L'appel, formé dans les formes et délais légaux, est recevable.

Sur la régularité de l'arrêté de placement en rétention,

L'article L741-1 du CESEDA dispose :

L'autorité administrative peut placer en rétention, pour une durée de quarante-huit heures, l'étranger qui se trouve dans l'un des cas prévus à l'article L. 731-1 lorsqu'il ne présente pas de garanties de représentation effectives propres à prévenir un risque de soustraction à l'exécution de la décision d'éloignement et qu'aucune autre mesure n'apparaît suffisante à garantir efficacement l'exécution effective de cette décision.

Le risque mentionné au premier alinéa est apprécié selon les mêmes critères que ceux prévus à l'article L. 612-3 ou au regard de la menace pour l'ordre public que l'étranger représente.

L'article L612-3 est ainsi rédigé :

Le risque mentionné au 3° de l'article L. 612-2 peut être regardé comme établi, sauf circonstance particulière, dans les cas suivants :1° L'étranger, qui ne peut justifier être entré régulièrement sur le territoire français, n'a pas sollicité la délivrance d'un titre de séjour ;
2° L'étranger s'est maintenu sur le territoire français au-delà de la durée de validité de son visa ou, s'il n'est pas soumis à l'obligation du visa, à l'expiration d'un délai de trois mois à compter de son entrée en France, sans avoir sollicité la délivrance d'un titre de séjour ;
3° L'étranger s'est maintenu sur le territoire français plus d'un mois après l'expiration de son titre de séjour, du document provisoire délivré à l'occasion d'une demande de titre de séjour ou de son autorisation provisoire de séjour, sans en avoir demandé le renouvellement ;
4° L'étranger a explicitement déclaré son intention de ne pas se conformer à son obligation de quitter le territoire français ;
5° L'étranger s'est soustrait à l'exécution d'une précédente mesure d'éloignement ;
6° L'étranger, entré irrégulièrement sur le territoire de l'un des États avec lesquels s'applique l'acquis de Schengen, fait l'objet d'une décision d'éloignement exécutoire prise par l'un des États ou s'est maintenu sur le territoire d'un de ces États sans justifier d'un droit de séjour ;
7° L'étranger a contrefait, falsifié ou établi sous un autre nom que le sien un titre de séjour ou un document d'identité ou de voyage ou a fait usage d'un tel titre ou document ;
8° L'étranger ne présente pas de garanties de représentation suffisantes, notamment parce qu'il ne peut présenter des documents d'identité ou de voyage en cours de validité, qu'il a refusé de communiquer les renseignements permettant d'établir son identité ou sa situation au regard du droit de circulation et de séjour ou a communiqué des renseignements inexacts, qu'il a refusé de se soumettre aux opérations de relevé d'empreintes digitales ou de prise de photographie prévues au 3° de l'article L. 142-1, qu'il ne justifie pas d'une résidence effective et permanente dans un local affecté à son habitation principale ou qu'il s'est précédemment soustrait aux obligations prévues aux articles L. 721-6 à L. 721-8, L. 731-1, L. 731-3, L. 733-1 à L. 733-4, L. 733-6, L. 743-13 à L. 743-15 et L. 751-5.
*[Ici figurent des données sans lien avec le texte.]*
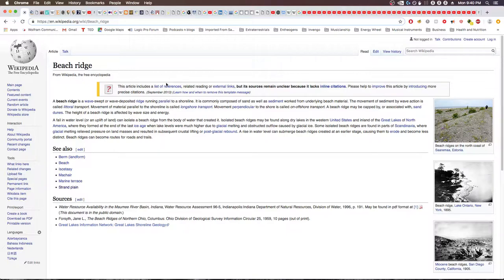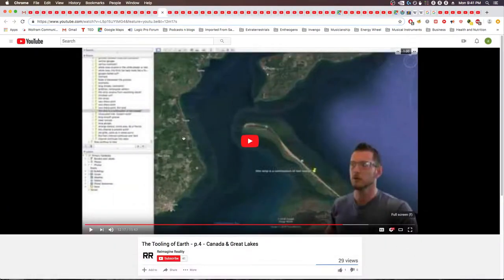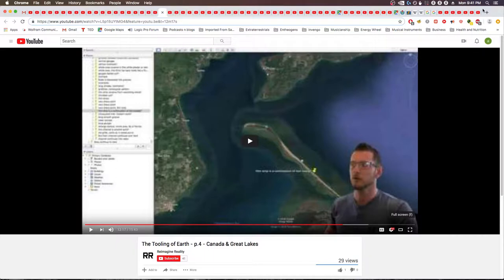The first half of this video will be all this research, and then the second half I will be taking you through examples. I re-watched all the videos I've released so far and went through and flagged some examples that I want to reanalyze and possibly retract in some cases. And there are a couple I still feel strongly about, so we'll look at those as well.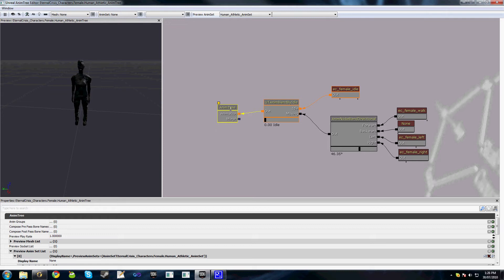We'll open our animation tree back up here. Sync groups serve two purposes. One of them is to provide the animation system knowledge of which set of notifies to play — only one set of notifies is played per animation group. The other thing it does is synchronize animations that have different timing, so they start and finish at the same time.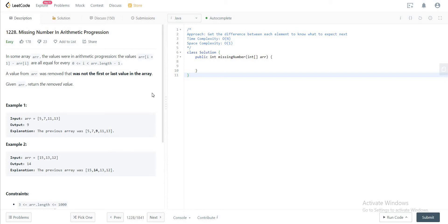The way we get the difference between each element that we're expecting is by looking at the first and the last element. We know that the first and last element of the array cannot be edited out, in the sense that they cannot be removed, so you can use that to get the difference.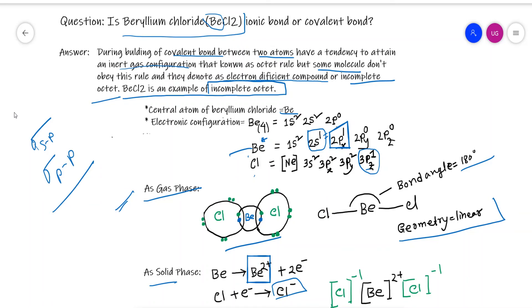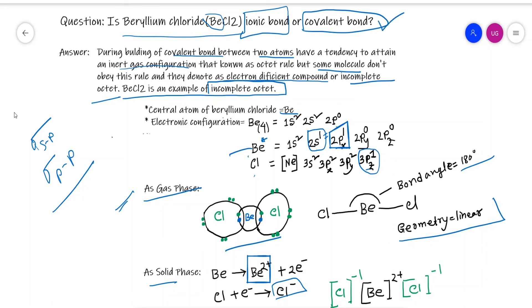Most chemists assume that beryllium chloride exists as a covalent bond, but very few chemists hold the opinion that it has an ionic bond. So the most widely accepted postulate is that beryllium chloride forms a covalent bond.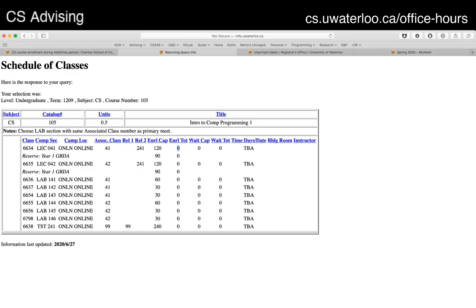Don't look at other numbers. There's a wait cap number and a wait total number — that's used by other departments in the school. Computer Science does not use wait cap or wait total. They're meaningless numbers to us. Please ignore them. Enrollment cap and enrollment total are the only numbers that matter for you.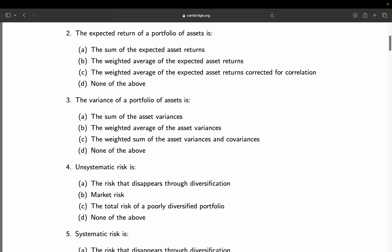By the way, I've shown this calculation in detail in my course and also on YouTube. Question 3: The variance of a portfolio of assets is — A: the sum of the asset variances; B: the weighted average of the asset variances; C: the weighted sum of the asset variances and covariances; D: none of the above. In my course and YouTube videos I've shown how to calculate portfolio variance in detail. A is definitely wrong — it's not just the sum. B is also wrong — it's not just the weighted average of asset variances. It is C, the weighted sum of the asset variances and covariances. Therefore D is also wrong. Final answer: C.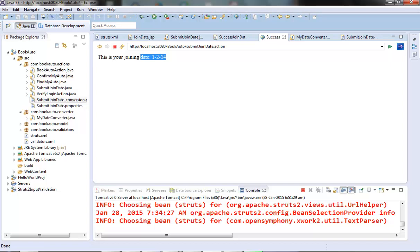So this is the way we write our own type converter, and this is it for this video. I hope you liked it. We will see some more stuff of the Struts 2 tutorial series in the next video. Thanks for watching.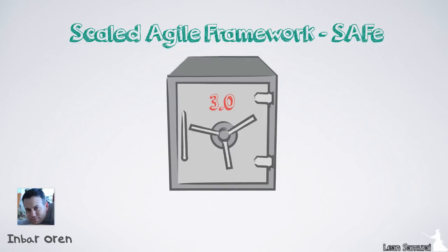The Scaled Agile Framework, or SAFE, is a template for scaling Agile principles and tools to large organizations.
En l'espèce, le Préfet fonde sa décision de placement en rétention sur la menace grave à l'ordre public et sur l'absence de garanties suffisantes de représentation caractérisée par l'absence de document de voyage et d'identité en cours de validité et l'absence de domicile fixe.
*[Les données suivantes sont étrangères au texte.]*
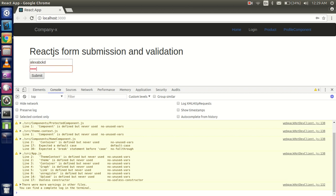If you still have any confusion about submitting forms in React, you can ask me in the comment box. If you have any suggestions, feel free to comment. Don't forget to subscribe to our channel — the code link is in the description box, and our Facebook page link is also there. Thanks for watching!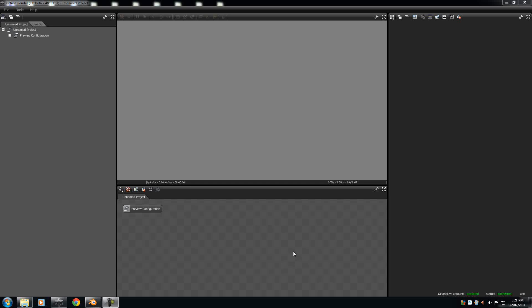G'day guys, EmTintam here, and today in this Octane Render tutorial, we'll be learning how to import and navigate around your scene.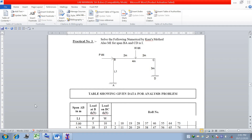Good afternoon students. Today we will see practical number 2, which is a numerical based on Kani's method. As shown on the screen, it is basically practical number 3, but as it is type number 2 we will treat it as practical 2.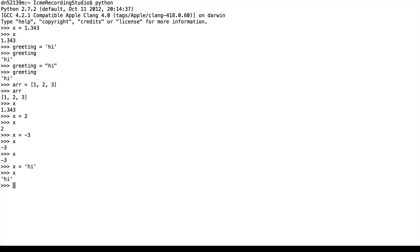Python, on the other hand, keeps track of the data types internally and is called strongly typed. So we see that x is a string now, and we can use the type function to check what type it is.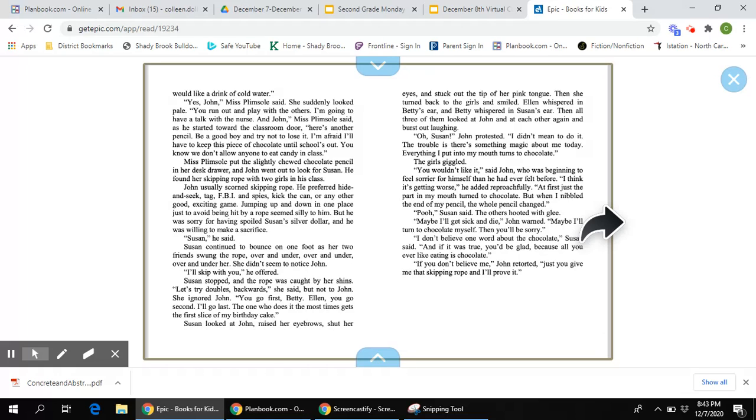as he started toward the classroom door, Here's another pencil. Be a good boy and try not to lose it. I'm afraid I'll have to keep this piece of chocolate until school is out. You know we don't allow anyone to eat candy in class.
Il résulte des pièces de la procédure que l'existence d'une seule condamnation le 13 mai 2024 pour des faits de vol en bande organisée n'est pas suffisante pour caractériser une menace grave à l'ordre public.

Il apparaît en outre que si le Préfet a effectivement sollicité les observations de Monsieur [F] le 21 mai 2024 sur la mise à exécution de la mesure d'éloignement, il ne produit pas les observations de l'intéressé et ne joint pas non plus de procès-verbal d'audition sur son refus ou non d'exécuter la mesure d'éloignement, sur ses conditions de vie, sur son état de vulnérabilité.
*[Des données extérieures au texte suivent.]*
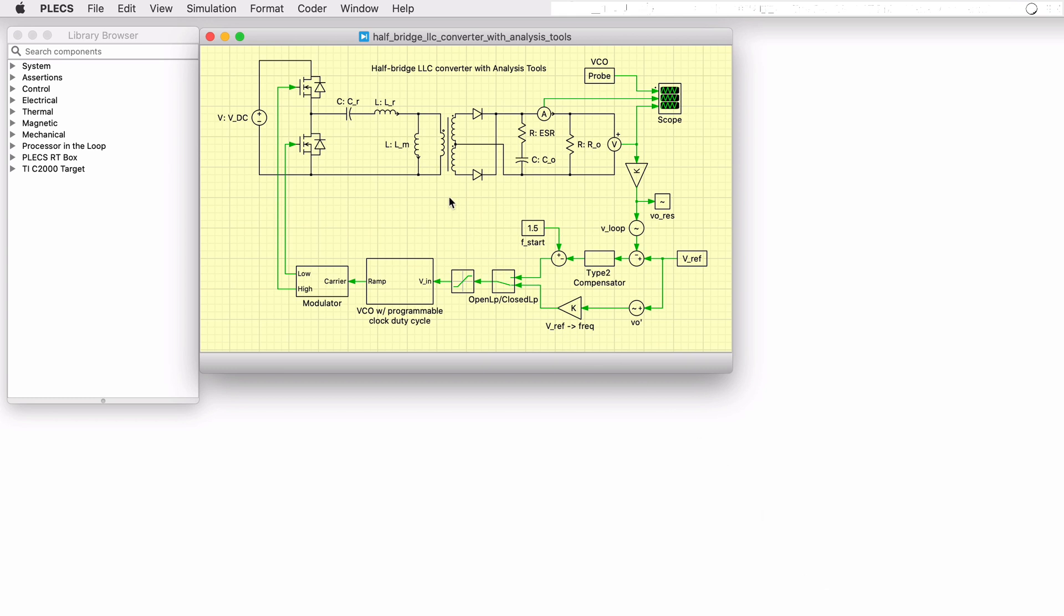The resonant tank impedance and converter voltage gain are functions of frequency. The controller regulates the output voltage by changing the switching frequency of the half bridge at a fixed duty cycle.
Il résulte de la demande de réservation de vol que Monsieur [F] est en possession d'une carte nationale d'identité en cours de validité, contrairement aux termes de l'arrêté de placement en rétention.

Il reste pour seul critère de l'absence de domicile fixe qui résulte uniquement des mentions de sa fiche pénale.

Il s'ensuit qu'aucun des motifs retenus par le Préfet n'est caractérisé.

Il y a lieu à titre surabondant de relever que les pièces de la procédure montrent que Monsieur [F] ne comprend pas la langue française, s'exprime en moldave et roumain, qu'il était assisté d'un interprète devant le juge des libertés et de la détention, qu'il a bien été assisté d'un interprète le 21 mai 2024 mais qu'aucune pièce de la procédure n'établit qu'il ait pu en bénéficier pour :

- la notification de l'arrêté de placement en rétention à sa levée d'écrou,

- la notification de ses droits en rétention à sa levée d'écrou,

- la notification de ses droits à son arrivée au C.R.A (notification en langue française).

Il a été porté atteinte à ses droits par violation des dispositions des articles L141-3, L744-8 et R744-12 du CESEDA et 16 de la directive 2008/115/CE .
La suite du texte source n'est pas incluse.